Thursday, October 19, 2006

A thought on Parshas Breishes

"...yom sheni..."
"...the second day..." (1:8)

This year I will be studying the commentary of Rabbeinu Bachya. Living in Spain during the end of the thirteenth century, Rabbeinu Bachya ben Asher (often mispronounced as Rabbeinu B'chai'yuh) was a disciple of the great Rabbeinu Shlomo ben Aderet, who we refer to as the Rashba, the luminary rishon of Sefardic Jewry during that era. He is not the same Rabbeinu Bachya who authored Chovos HaLevavos, Duties of the Heart. His commentary to the Chumash was first published in 1492. He approaches the parsha by presenting the essential meanings, augmented by Chazal's wisdom on the verse, embellished by depth understanding based on Kabbala and often followed by ethical inferences.

Rabbeinu Bachya tells us that the number two, sheni, is a reference to shinui or change. Before there was a universe, there was One. Creation began with emanations of one-ness. This concept changed the moment there was change in the universe: the sun and the moon were ready to function, the waters were divided and land arose from the depths, the heavens were formatted into cosmic planes, dimensionality and time were possible.

The power of sheni - division and change and transformation and difference - energized and empowered all subsequent change in the world, including machlokes - difference of opinion and division among peoples. Even the time concept captured in the word for year, shanna, asserts this. Time is clocked by the passage of the earth around the sun, and by the rotation of the earth as the moon spins in orbit, and those two heavenly bodies, the sun and the moon, represent the concept of two equals difference. Two great objects in the sky serve different functions at different times.

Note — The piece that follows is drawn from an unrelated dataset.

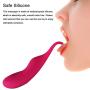 LEVETT Rechargeable Clitoral Vibrator Handheld Personal Wand Massager Waterproof Multi Speed Powerful G Spot Sex Toys for Woman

This is the way the physical world is meant to be. There are differences, there are separations and changes which are necessary. There is nonetheless a harmony within creation except when humanity confronts difference. In our struggle to make sense of our own internal two-ness (not the capital of Tunisia of course, but my effort to distinguish One-ness, which is only possible Above, from the mortal limitation of requiring plurality), we end up struggling with the intellect, the heart, the soul, the conscious, the unconscious, the self versus the other... and we feel the strain within ourselves known as conflict. When we encounter forces which vie and compete for energy and attention, we experience our ambivalence and the range of positive and negative senses and thoughts which lead to strife and tension within ourselves and between each other.

Of course, the Divine plan includes the goal of conflict resolution and interdependence. But so many people fail to value that goal and plurality is equated with divisiveness. This is why the recurrent phrase ki tov - "and it was good", does not show up on the second day. We fail so much of the time to see our way through differences.